What did Trump say about Europe?
Asked to name his biggest competitor and foe globally, the US president said there were "a lot of foes" and named Russia and China among them, but the first on his list was the EU.
"I think the European Union is a foe, what they do to us in trade. Now you wouldn't think of the European Union but they're a foe," he said.
Challenged by the interviewer on this, Mr Trump said the EU was "very difficult".
"In a trade sense, they've really taken advantage of us and many of those countries are in Nato and they weren't paying their bills and, you know, as an example a big problem with Germany," he said.
He then returned to the theme of Germany's reliance on Nord Stream 2, a pipeline which will increase the flow of gas to EU states and which he controversially criticised ahead of last week's Nato summit.
He said: "There's a lot of anger at the fact that Germany is paying Russia billions of dollars."
He also accused Germany of "waving a white flag".
The comments drew a quick response from Mr Tusk on Twitter.
What about the Putin summit and alleged hacking?
He said he "believed in meetings" but was unsure what the outcome of the Helsinki meeting would be.
"I can't tell you what's going to happen, but I can tell you what I'll be asking for. And we'll see if something comes of it," he added.
In an interview for ABC's This Week programme, US National Security Adviser John Bolton said he found it "hard to believe" that Mr Putin did not know about the alleged hacking.
"That's what one of the purposes of this meeting is, so the president can see eye to eye with President Putin and ask him about it," he said.

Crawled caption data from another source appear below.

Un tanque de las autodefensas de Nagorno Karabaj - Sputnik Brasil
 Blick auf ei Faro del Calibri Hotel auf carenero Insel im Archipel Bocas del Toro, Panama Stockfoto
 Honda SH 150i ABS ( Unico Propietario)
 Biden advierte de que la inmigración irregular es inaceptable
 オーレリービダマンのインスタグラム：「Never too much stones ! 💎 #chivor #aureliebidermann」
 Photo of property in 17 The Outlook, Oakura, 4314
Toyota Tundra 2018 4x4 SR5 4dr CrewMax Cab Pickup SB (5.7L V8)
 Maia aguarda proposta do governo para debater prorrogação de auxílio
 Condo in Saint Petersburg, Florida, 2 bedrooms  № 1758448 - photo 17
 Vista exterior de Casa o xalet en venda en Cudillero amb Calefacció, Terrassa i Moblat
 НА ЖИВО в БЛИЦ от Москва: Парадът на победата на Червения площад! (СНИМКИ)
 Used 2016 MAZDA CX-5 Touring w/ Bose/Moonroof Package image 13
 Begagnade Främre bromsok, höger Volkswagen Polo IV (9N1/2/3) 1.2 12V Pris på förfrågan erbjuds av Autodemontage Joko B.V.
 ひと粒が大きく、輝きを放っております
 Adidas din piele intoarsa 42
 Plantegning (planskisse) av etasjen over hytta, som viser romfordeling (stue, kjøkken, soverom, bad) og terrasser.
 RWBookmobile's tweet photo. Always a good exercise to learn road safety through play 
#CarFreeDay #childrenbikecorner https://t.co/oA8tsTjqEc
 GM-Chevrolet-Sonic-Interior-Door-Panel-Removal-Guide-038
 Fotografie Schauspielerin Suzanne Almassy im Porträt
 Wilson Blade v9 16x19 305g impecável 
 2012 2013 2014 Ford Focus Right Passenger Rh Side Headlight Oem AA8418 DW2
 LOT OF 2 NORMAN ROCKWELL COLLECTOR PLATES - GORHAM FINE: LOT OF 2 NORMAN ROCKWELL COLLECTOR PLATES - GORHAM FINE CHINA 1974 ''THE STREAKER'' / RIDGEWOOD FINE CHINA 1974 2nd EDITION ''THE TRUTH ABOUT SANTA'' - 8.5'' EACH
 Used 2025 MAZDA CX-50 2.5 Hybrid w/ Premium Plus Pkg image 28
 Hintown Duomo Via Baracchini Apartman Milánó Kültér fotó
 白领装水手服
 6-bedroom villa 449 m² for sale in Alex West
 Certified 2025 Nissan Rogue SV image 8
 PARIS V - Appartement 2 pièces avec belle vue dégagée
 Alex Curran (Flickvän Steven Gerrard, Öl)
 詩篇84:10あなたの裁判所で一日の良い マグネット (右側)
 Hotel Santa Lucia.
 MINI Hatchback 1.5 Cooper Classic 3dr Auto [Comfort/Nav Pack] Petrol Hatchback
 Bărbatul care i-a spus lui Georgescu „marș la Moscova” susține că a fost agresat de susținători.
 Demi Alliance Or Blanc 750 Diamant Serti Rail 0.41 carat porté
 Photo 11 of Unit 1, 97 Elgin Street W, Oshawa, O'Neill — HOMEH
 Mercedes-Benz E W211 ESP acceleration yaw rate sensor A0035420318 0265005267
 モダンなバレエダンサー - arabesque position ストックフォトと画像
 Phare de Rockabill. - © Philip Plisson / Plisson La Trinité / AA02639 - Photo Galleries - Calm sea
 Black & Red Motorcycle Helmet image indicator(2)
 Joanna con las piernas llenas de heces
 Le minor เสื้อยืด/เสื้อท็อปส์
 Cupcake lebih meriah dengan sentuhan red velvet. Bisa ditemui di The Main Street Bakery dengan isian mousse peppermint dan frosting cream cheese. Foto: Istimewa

"He'll listen to President Putin's response, and we'll go from there."
Mr Trump also repeated his earlier criticism of the Obama administration, which was in power when the alleged hacking of Democratic party officials took place.
"This was during the Obama administration. They were doing whatever it was during the Obama administration," he said.
"The DNC should be ashamed of themselves for allowing themselves to be hacked. They had bad defences and they were able to be hacked," he added.
He said he had been told "by a number of people" that hackers had also targeted the Republican party but "we had much better defences", although he added that "this may be wrong".
What has Mr Trump been doing?
The US president has taken in a Nato summit and a visit to the UK ahead of his meeting with Mr Putin.
The visit has been controversial because of a newspaper interview in which he said the US would probably not give the UK a trade deal under the terms of Prime Minister May's Brexit plans, and also said Europe was "losing its character" because of immigration from Africa and the Middle East.
He has since downplayed his Brexit comments - but speaking to the BBC on Sunday Mrs May said Mr Trump had advised her to "sue the EU".
He is expected to leave the UK later after staying at his Turnberry resort on Scotland's Ayrshire coast during the private leg of his visit.
What are the US hacking allegations?
The 11-count indictment names the Russians defendants, alleging they began cyber-attacks in March 2016 on the email accounts of staff for Hillary Clinton's presidential campaign.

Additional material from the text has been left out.